Berikutnya, eksplorasi medium dan teknik yang
kemudian memperkaya bahasa visual karya patungnya. Dan terakhir adalah karakter personalnya yang pekerja keras dan
kebulatan tekad untuk mem-Fakta-kan pilihannya dengan konsisten menciptakan
karya seni patung.
Sebagai pribadi Jhoni memang terkenal dengan karakter personalnya
yang keras, tegas dan terkadang terkesan tidak terbantahkan. Tapi apakah
sedemikian faktanya?. Mengacu pada awal tulisan ini tentang Kekuatan-Mental, asumsi
tentang karakter personal individu tersebut dapat dikatakan sebagai fenomena-permukaan, yang ketika
“dijelajahi” lebih dalam akan sama sekali berbeda. Secara umum, Individu yang
memiliki “kesadaran-aktif” (active consciousness) dengan tuntutan
“kesiapan-diri” (langsung maupun tidak langsung) akan memberikan tuntutan pada
dirinya dan individu lainnya untuk siap dikritisi dan mengkiritisi, filter-dirinya
bersifat argumentatif. Sedangkan transformasi karakter personal yang tegas akan
menggambarkan spirit dirinya yang pekerja keras untuk meretas berbagai persoalan
hidup, baik permasalahan pribadi maupun persoalan yang menyangkut kekaryaan. Begitulah
Jhoni yang saya kenal. Terlepas dari subyektivitas personal saya ada baiknya
audiens menyimak uraian tentang Jhoni Waldi di bawah ini.

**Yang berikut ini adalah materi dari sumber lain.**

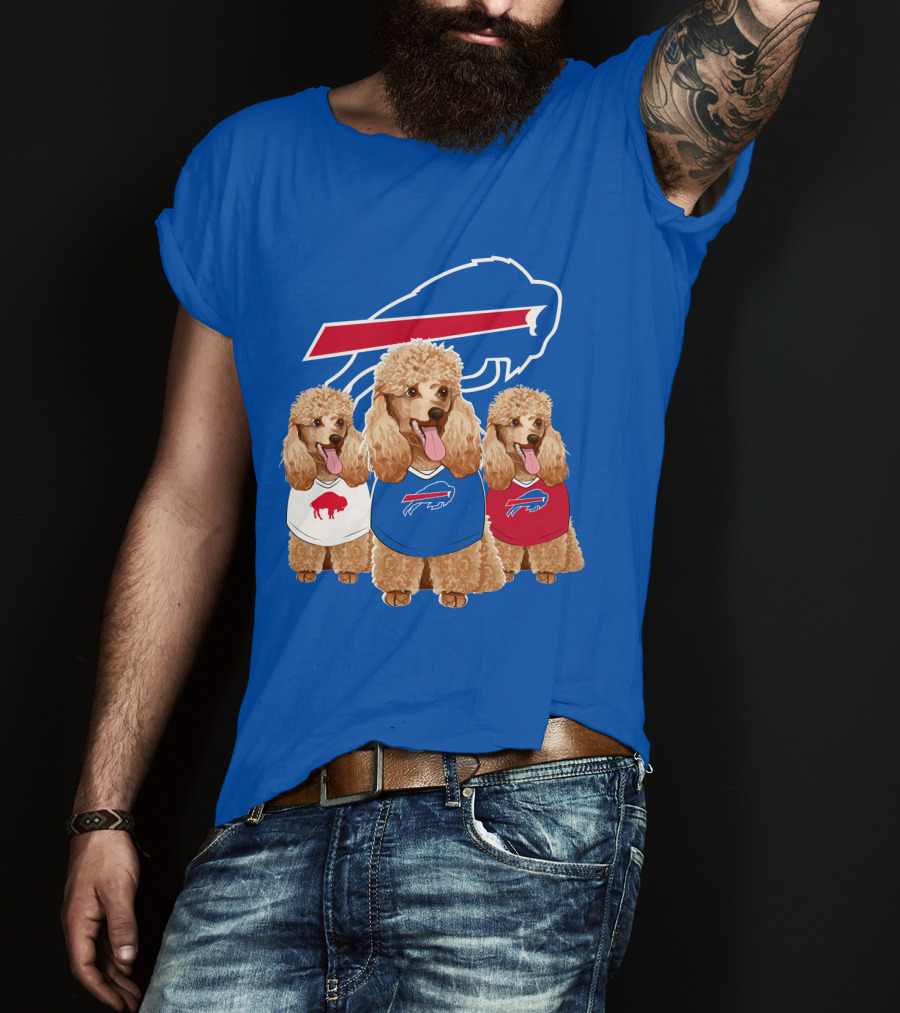 Buffalo Bills Poodle Trio T-Shirt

Jhoni Waldi : Si Pekerja Keras di Mata
Para Sahabatnya
Jhoni dapat dikatakan sebagai salah seorang sosok pematung yang konsisten,
secara formal dia telah mempelajari seni patung semenjak menempuh pendidikan di
Sekolah Menengah Seni Rupa (SMSR) Padang, Sumatera Barat. Selepas dari SMSR
(1993), dia melanjutkan dan menyelesaikan pendidikan Strata 1 Seni Patung di
Institute Seni Indonesia (ISI) Yogyakarta. Dan hingga saat ini dia tetap fokus
pada seni patung, karena dia meyakini seni patung adalah; medium seni yang dapat menampung seluruh ide dan gagasannya. Dari
titik ini saya melihat pilihan Jhoni tersebut tampak sebagai “satuan-aktual”,
cerminan dari kematangan diri pribadinya, ataupun bentuk kesadaran-diri-aktif
yang memahami konsekuensi - konsekuensi logis setelahnya.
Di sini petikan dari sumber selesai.